Targeting Siglec-9 for inflammatory disorders

Siglec-9 is primarily expressed on monocytes, neutrophils, and dendritic cells. It was recently found that anti-Siglec-9 antibodies induce apoptosis in neutrophils,⁷⁴ and that this cytotoxicity is enhanced in the presence of pro-inflammatory cytokines, such as GM-CSF.⁷⁵ While in the absence of cytokines the effect is caspase-dependent, the cytokine-enhanced effect is caspase-independent, but involves reactive oxygen species (ROS).

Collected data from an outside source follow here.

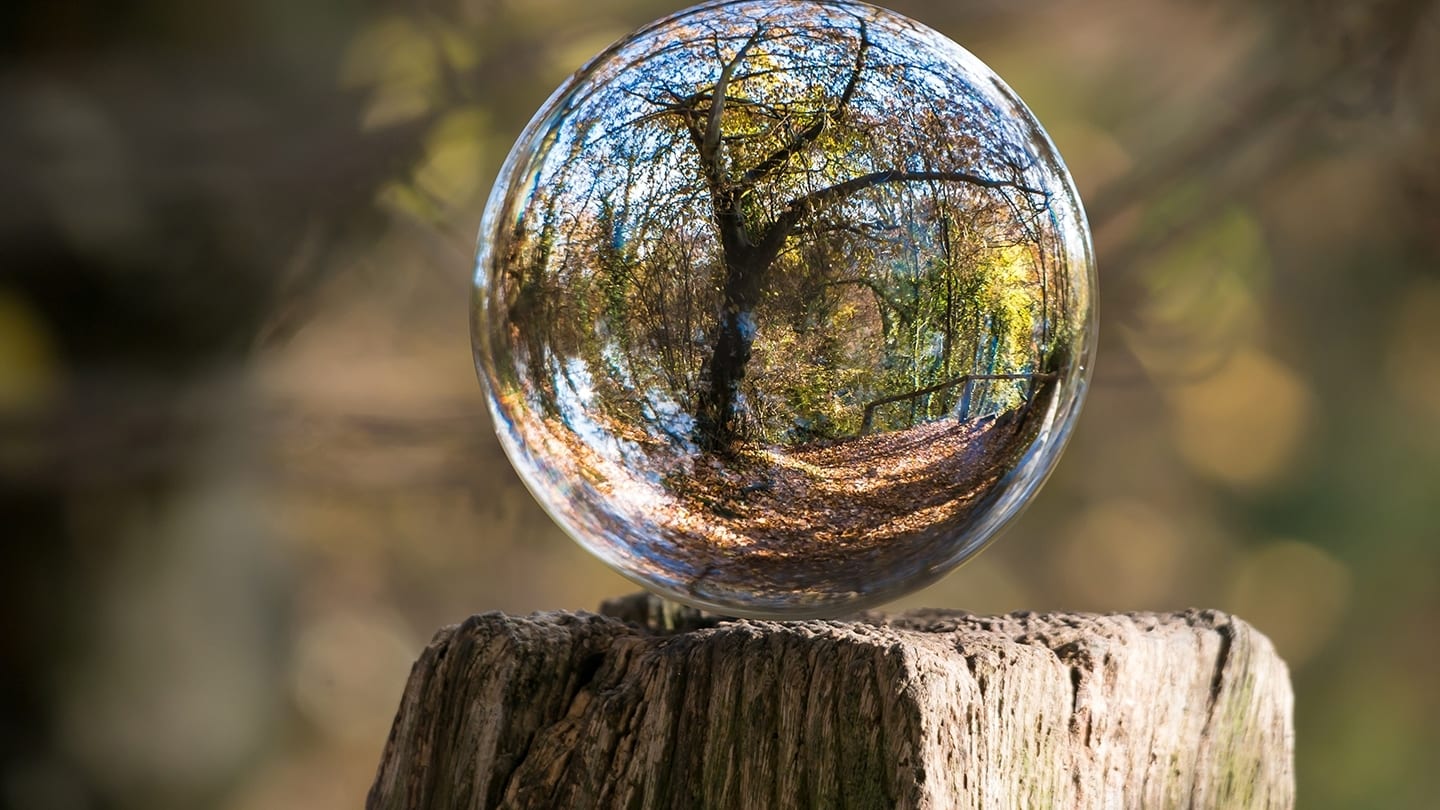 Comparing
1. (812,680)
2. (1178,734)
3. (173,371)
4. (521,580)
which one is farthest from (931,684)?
(521,580)

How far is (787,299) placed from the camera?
146 centimetres

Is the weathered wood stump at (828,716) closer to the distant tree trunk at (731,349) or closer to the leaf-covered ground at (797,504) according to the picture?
the leaf-covered ground at (797,504)

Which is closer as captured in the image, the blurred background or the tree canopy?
the tree canopy

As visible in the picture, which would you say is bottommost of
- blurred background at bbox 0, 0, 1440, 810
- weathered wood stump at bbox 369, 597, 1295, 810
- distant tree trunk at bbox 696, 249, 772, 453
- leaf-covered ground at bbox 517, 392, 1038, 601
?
weathered wood stump at bbox 369, 597, 1295, 810

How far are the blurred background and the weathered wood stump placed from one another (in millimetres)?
1880

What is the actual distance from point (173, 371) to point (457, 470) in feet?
2.67

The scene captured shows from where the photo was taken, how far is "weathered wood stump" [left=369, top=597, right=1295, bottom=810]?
146cm

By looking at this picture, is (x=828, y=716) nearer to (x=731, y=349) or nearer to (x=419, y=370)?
(x=731, y=349)

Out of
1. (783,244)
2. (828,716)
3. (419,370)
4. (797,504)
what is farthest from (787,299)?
(419,370)

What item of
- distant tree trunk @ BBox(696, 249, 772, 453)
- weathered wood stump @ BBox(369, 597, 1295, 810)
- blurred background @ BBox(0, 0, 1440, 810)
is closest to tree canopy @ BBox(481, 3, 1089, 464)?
distant tree trunk @ BBox(696, 249, 772, 453)

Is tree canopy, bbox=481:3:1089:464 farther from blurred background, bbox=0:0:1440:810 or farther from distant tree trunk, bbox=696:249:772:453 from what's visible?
blurred background, bbox=0:0:1440:810

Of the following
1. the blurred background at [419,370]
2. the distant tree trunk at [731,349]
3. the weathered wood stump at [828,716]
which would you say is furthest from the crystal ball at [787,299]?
the blurred background at [419,370]

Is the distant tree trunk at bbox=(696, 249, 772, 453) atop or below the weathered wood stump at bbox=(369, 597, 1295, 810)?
atop

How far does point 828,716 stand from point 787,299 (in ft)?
1.52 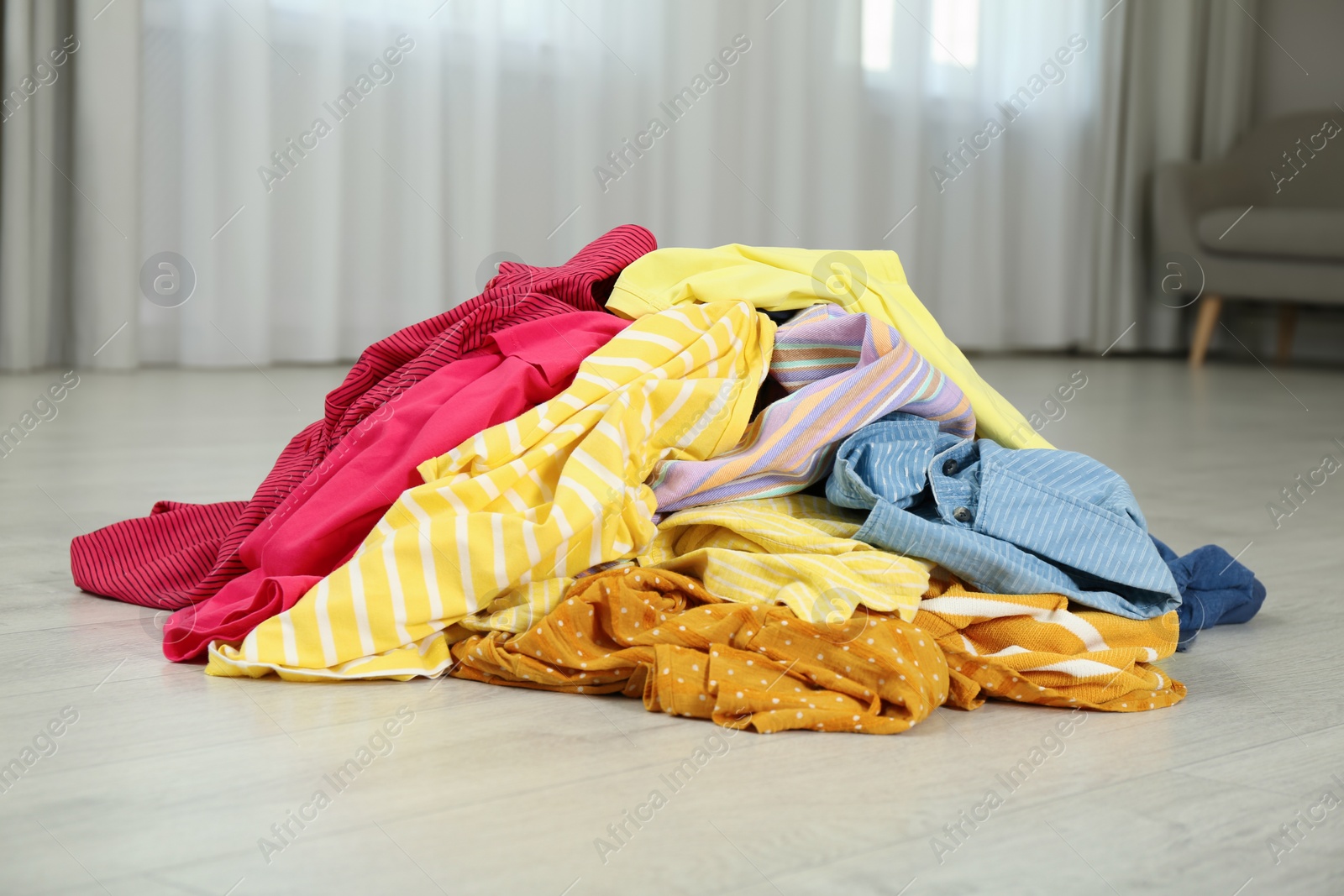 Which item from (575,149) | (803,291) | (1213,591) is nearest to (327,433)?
(803,291)

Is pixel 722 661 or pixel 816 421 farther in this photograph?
pixel 816 421

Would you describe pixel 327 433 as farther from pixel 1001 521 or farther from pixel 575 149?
pixel 575 149

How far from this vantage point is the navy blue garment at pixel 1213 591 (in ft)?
3.48

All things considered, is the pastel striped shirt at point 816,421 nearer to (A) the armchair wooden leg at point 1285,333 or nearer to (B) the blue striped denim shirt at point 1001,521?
(B) the blue striped denim shirt at point 1001,521

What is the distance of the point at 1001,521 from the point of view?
93 cm

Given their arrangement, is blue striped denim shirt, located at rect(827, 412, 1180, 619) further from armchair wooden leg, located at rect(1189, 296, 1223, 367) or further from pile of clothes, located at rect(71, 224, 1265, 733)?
armchair wooden leg, located at rect(1189, 296, 1223, 367)

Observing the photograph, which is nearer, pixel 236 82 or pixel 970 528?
pixel 970 528

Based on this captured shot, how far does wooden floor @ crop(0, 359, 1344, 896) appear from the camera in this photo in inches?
22.8

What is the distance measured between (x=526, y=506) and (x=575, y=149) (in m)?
2.42

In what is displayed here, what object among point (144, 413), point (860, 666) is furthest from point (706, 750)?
point (144, 413)

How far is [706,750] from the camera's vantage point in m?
0.74

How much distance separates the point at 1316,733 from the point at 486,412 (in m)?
0.59

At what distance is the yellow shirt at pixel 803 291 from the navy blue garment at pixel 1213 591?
0.16 metres

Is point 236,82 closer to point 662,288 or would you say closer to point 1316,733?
point 662,288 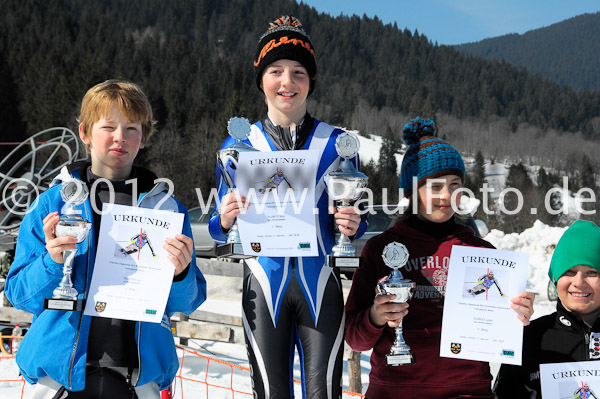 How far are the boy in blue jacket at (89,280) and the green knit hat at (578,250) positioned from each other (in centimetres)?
163

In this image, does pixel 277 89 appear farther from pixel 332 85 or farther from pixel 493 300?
pixel 332 85

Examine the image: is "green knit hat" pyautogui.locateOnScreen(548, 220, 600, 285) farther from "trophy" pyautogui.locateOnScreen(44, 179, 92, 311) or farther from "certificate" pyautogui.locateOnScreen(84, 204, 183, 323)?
"trophy" pyautogui.locateOnScreen(44, 179, 92, 311)

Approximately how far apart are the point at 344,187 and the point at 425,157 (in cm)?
40

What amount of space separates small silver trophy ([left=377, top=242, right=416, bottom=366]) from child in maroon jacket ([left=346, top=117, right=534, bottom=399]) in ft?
0.25

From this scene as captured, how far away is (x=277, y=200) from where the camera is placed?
8.82 feet

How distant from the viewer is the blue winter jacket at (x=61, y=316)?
2158 millimetres

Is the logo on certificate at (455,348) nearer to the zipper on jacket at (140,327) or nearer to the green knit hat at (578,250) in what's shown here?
the green knit hat at (578,250)

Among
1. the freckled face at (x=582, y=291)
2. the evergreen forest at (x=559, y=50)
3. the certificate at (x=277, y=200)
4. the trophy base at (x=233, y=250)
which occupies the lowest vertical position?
the freckled face at (x=582, y=291)

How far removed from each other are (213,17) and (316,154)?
346 ft

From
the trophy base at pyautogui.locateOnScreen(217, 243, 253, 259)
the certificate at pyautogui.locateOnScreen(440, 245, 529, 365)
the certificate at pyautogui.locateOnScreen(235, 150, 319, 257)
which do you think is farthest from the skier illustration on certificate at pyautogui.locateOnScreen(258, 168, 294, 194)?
the certificate at pyautogui.locateOnScreen(440, 245, 529, 365)

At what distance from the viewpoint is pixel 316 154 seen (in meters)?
2.68

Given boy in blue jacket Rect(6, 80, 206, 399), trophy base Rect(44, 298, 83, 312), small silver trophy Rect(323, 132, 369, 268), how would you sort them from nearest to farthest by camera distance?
trophy base Rect(44, 298, 83, 312) → boy in blue jacket Rect(6, 80, 206, 399) → small silver trophy Rect(323, 132, 369, 268)

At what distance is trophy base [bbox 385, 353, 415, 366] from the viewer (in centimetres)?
231

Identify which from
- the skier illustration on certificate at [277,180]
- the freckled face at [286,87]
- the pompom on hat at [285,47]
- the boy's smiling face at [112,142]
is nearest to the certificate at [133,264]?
the boy's smiling face at [112,142] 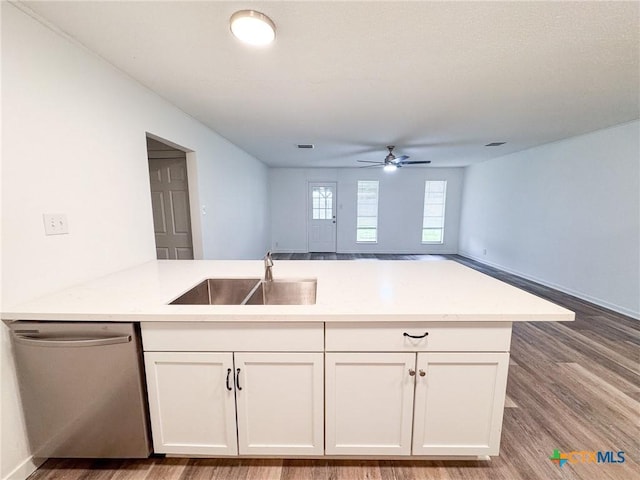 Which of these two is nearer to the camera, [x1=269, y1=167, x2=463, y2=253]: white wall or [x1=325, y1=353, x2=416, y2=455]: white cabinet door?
[x1=325, y1=353, x2=416, y2=455]: white cabinet door

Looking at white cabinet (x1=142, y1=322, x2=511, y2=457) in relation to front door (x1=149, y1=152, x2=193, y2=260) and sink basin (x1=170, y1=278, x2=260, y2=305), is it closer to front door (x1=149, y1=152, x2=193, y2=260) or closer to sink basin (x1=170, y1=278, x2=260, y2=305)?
sink basin (x1=170, y1=278, x2=260, y2=305)

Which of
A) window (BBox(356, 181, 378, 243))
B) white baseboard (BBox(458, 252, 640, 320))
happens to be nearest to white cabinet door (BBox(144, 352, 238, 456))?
white baseboard (BBox(458, 252, 640, 320))

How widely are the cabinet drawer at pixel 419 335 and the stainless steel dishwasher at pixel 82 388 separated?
981 millimetres

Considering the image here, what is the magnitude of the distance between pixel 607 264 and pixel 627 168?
1203 mm

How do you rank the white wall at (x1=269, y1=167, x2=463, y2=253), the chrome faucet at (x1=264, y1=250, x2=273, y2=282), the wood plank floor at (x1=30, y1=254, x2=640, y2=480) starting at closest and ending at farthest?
the wood plank floor at (x1=30, y1=254, x2=640, y2=480) → the chrome faucet at (x1=264, y1=250, x2=273, y2=282) → the white wall at (x1=269, y1=167, x2=463, y2=253)

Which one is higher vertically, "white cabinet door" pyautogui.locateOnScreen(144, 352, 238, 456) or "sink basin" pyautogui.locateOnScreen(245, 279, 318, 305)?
"sink basin" pyautogui.locateOnScreen(245, 279, 318, 305)

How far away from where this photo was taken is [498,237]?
212 inches

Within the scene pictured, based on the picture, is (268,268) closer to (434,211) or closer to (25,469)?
(25,469)

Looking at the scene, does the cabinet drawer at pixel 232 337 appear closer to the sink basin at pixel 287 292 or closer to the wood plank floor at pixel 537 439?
the sink basin at pixel 287 292

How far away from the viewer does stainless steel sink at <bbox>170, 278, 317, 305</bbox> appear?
1.74 m

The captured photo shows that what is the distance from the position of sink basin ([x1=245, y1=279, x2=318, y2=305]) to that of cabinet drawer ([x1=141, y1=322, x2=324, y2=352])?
0.52 m

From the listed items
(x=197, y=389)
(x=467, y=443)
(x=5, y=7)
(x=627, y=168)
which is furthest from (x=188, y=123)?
(x=627, y=168)

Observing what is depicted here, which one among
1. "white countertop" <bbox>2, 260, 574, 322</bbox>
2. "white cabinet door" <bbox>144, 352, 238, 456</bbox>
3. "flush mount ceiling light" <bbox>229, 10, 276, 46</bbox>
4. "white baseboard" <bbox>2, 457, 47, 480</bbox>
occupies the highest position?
"flush mount ceiling light" <bbox>229, 10, 276, 46</bbox>

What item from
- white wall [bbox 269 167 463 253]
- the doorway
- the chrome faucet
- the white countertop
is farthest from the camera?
white wall [bbox 269 167 463 253] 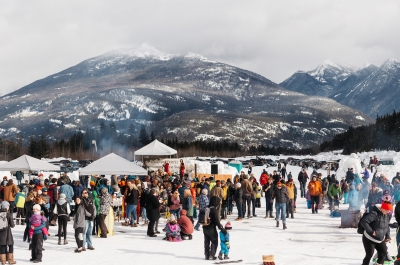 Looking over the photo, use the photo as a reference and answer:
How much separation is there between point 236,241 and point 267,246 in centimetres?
127

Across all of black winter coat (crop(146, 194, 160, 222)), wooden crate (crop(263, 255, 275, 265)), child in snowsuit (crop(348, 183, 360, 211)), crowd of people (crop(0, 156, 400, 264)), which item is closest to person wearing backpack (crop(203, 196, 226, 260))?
crowd of people (crop(0, 156, 400, 264))

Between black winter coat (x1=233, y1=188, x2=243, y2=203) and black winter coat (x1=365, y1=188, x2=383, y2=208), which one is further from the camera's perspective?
black winter coat (x1=233, y1=188, x2=243, y2=203)

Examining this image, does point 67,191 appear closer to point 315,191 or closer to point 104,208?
point 104,208

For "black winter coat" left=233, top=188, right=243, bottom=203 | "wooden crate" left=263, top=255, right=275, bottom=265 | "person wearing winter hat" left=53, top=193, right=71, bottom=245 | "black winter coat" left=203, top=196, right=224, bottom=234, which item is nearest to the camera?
"wooden crate" left=263, top=255, right=275, bottom=265

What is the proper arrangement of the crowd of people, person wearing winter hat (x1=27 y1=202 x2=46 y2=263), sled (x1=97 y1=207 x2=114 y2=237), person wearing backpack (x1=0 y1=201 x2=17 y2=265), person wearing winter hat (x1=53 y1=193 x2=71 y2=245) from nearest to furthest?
1. person wearing backpack (x1=0 y1=201 x2=17 y2=265)
2. the crowd of people
3. person wearing winter hat (x1=27 y1=202 x2=46 y2=263)
4. person wearing winter hat (x1=53 y1=193 x2=71 y2=245)
5. sled (x1=97 y1=207 x2=114 y2=237)

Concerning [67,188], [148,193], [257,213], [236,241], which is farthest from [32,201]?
[257,213]

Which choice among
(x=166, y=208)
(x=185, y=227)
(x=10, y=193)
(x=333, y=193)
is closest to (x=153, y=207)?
(x=185, y=227)

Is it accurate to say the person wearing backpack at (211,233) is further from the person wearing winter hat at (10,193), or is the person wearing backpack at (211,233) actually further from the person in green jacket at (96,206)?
the person wearing winter hat at (10,193)

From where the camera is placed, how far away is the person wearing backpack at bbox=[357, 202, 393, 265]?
414 inches

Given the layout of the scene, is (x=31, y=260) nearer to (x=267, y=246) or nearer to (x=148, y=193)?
(x=148, y=193)

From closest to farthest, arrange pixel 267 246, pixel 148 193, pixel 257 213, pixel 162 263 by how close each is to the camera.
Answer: pixel 162 263 → pixel 267 246 → pixel 148 193 → pixel 257 213

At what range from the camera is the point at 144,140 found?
149000mm

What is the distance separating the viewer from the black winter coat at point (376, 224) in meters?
→ 10.5

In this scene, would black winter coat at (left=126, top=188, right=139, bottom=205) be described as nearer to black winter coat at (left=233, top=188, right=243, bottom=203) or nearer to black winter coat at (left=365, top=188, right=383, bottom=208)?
black winter coat at (left=233, top=188, right=243, bottom=203) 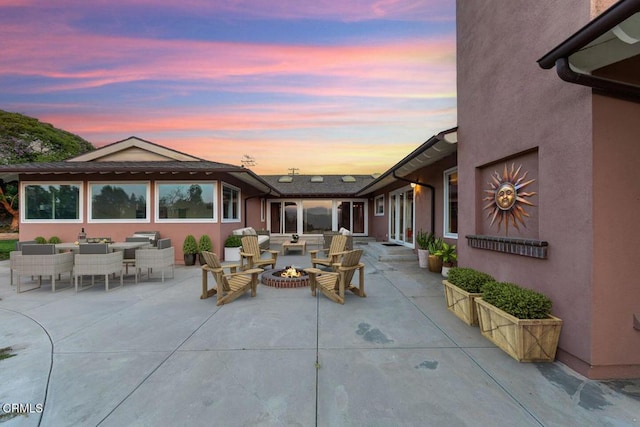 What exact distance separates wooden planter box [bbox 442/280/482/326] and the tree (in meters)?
28.6

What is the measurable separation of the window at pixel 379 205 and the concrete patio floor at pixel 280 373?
10794 mm

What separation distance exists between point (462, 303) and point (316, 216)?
45.6ft

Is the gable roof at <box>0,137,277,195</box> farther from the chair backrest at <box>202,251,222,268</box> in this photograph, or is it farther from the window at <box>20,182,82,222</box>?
the chair backrest at <box>202,251,222,268</box>

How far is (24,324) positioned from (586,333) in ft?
23.2

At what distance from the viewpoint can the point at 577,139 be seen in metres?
2.67

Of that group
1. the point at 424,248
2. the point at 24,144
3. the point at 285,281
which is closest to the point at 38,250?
the point at 285,281

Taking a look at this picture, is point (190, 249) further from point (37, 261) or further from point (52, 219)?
point (52, 219)

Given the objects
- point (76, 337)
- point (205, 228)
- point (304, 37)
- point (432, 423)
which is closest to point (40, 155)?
point (205, 228)

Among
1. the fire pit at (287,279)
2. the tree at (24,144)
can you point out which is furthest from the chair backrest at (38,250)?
A: the tree at (24,144)

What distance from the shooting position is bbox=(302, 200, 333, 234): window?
17.5 meters

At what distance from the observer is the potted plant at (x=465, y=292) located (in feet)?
12.4

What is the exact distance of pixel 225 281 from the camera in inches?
191

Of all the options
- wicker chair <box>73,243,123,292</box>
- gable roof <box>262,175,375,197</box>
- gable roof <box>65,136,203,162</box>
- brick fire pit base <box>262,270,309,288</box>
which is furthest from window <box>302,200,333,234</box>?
wicker chair <box>73,243,123,292</box>

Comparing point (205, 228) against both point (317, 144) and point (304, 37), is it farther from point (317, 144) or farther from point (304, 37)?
point (317, 144) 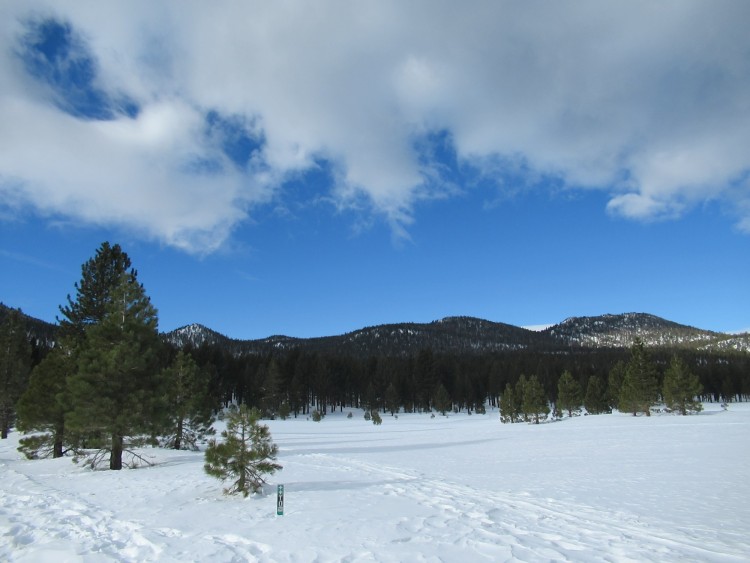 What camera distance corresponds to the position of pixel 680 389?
48875 mm

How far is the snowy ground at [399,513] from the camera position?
7551 mm

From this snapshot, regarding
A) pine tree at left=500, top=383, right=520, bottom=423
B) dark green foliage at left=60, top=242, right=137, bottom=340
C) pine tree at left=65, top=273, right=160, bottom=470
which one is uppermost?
dark green foliage at left=60, top=242, right=137, bottom=340

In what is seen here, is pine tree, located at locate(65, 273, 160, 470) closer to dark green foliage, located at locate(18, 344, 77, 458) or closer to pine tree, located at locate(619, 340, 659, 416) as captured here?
dark green foliage, located at locate(18, 344, 77, 458)

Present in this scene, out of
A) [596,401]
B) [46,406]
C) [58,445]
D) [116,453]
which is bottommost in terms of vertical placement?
[596,401]

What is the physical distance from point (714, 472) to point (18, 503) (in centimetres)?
2171

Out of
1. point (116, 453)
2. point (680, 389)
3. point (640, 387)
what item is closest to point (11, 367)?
point (116, 453)

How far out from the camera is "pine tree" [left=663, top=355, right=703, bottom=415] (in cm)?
4844

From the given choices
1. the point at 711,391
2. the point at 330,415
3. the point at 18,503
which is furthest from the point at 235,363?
the point at 711,391

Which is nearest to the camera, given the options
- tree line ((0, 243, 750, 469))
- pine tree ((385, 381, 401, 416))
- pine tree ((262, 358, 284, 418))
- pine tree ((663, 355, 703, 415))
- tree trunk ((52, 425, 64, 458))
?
tree line ((0, 243, 750, 469))

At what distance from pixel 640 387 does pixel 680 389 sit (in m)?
4.02

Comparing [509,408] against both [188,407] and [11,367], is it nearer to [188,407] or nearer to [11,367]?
[188,407]

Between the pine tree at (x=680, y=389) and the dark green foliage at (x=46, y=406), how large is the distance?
55230 mm

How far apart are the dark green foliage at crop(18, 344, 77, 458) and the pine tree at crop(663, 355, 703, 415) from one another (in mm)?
55230

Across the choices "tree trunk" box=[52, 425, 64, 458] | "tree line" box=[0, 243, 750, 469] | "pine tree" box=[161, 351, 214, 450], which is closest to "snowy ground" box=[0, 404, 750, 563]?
"tree line" box=[0, 243, 750, 469] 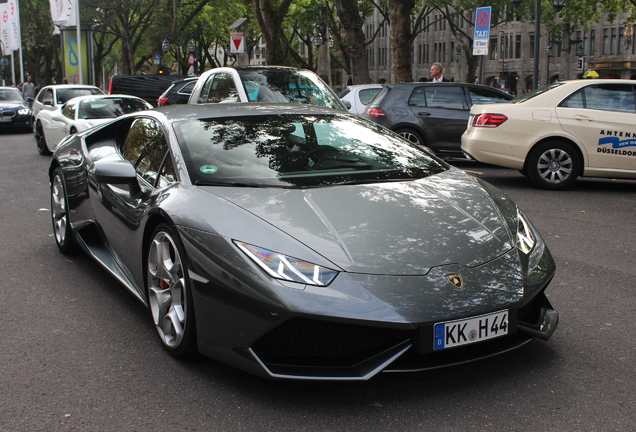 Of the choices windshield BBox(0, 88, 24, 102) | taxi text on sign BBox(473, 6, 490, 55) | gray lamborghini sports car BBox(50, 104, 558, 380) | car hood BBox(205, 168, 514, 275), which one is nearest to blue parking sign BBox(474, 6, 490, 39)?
taxi text on sign BBox(473, 6, 490, 55)

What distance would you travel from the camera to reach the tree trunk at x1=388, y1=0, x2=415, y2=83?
19.8 m

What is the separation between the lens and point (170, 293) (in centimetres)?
367

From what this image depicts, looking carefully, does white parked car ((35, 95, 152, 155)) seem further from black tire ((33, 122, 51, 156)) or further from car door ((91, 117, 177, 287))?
car door ((91, 117, 177, 287))

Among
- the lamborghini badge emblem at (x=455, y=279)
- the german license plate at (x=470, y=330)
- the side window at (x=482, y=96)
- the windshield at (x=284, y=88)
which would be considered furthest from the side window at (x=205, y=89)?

These results suggest that in vivo, the cell-killing effect may be more potent in hyperinflammatory microenvironments. This phenomenon may already play a role in the routine treatment of autoimmune diseases with IVIg. Autoantibodies, including anti-Siglec-9, have been identified in IVIg, and intact, but not anti-Siglec-9-depleted, IVIg was shown to induce neutrophil cytotoxicity in vitro.⁷⁶ Consistent with the previous study using anti-Siglec-9, IVIg-induced neutrophil cytotoxicity was enhanced in the presence of pro-inflammatory cytokines.⁷⁶ These findings have important implications for the clinical use of IVIg, by providing a deeper understanding of the mechanisms of action, and for the potential of targeting Siglec-9 specifically in the treatment of hyperinflammation.